Okay it's looking good so far! Just about have my machine back. One more question. Do I need to enter in values for "CPU/NB" or "HT Link Speed"?

CPU/NB has options 1600-6000 MHz
HT Link Speed has options 200-2600 MHz

The final settings. I didn't take a screen of timings. Everything is [Auto] except for 8 8 8 24. The DRAM Voltage doesn't display 1.5v(blue in image). Is 1.490 (grey in image) close enough?

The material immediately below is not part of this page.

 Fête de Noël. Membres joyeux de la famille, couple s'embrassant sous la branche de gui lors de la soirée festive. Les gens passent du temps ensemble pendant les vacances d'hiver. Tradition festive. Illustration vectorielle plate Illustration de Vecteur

Uploaded with ImageShack.us


----------



## greenbrucelee (Apr 24, 2007)

*Re: BIOS Reset No OC Profile.*

no leave the cpu northbridge setting alone, unless they get too hot then thats when you would change it

dram voltage is ok.


----------



## Damage_Inc (Oct 1, 2006)

*Re: BIOS Reset No OC Profile.*

Settings look okay? I guess I am finished up! Thanks a lot for all the help. Glad to have my PC back. Oh I did run that bench again it was only 2% lower than the original.

\o/


----------



## Damage_Inc (Oct 1, 2006)

*[SOLVED]Re: BIOS Reset No OC Profile.*

Solved.


----------



## greenbrucelee (Apr 24, 2007)

*Re: BIOS Reset No OC Profile.*

please use the thread tools at the top of the page to mark the thread solved.


----------